Vyhnalek bedauert, dass trotz der nicht von der Hand zu weisenden Vorteile der SAPV für alle Beteiligten es nach wie vor große Defizite gebe. Der Aufbau einer flächendeckenden Versorgung sei seit der Einführung der SAPV nur langsam angelaufen. Nach wie vor gebe es auch zahlreiche organisatorische Mängel. So sei beispielsweise die 3-Tage-Frist zur Einreichung der Verordnungen zu kurz.
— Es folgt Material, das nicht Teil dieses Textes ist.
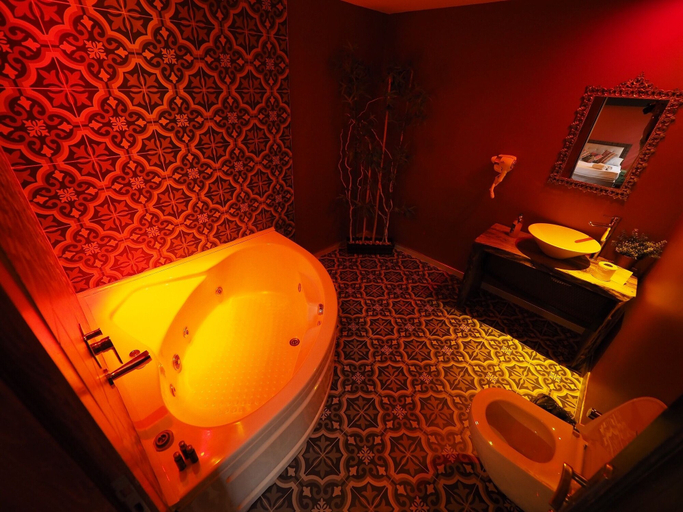 Bathroom 4, SECOND HOUSE, Çankaya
Ein großes Problem bestehe auch darin, dass es bisher noch keinerlei Verträge mit privaten Kran­ken­ver­siche­rungen gebe. Immer noch existierten in den einzelnen Bundesländern unterschiedliche Verträge.

Dennoch macht nicht zuletzt die positive Resonanz der Angehörigen Mut, den Aufbau der SAPV-Stationen weiter voranzutreiben. „Ohne Sie hätten wir nicht die Kraft gehabt, ihn bis zum Schluss zu Hause zu haben – Sterben muss kein Tabuthema sein,“ meinte beispielsweise ein Angehöriger.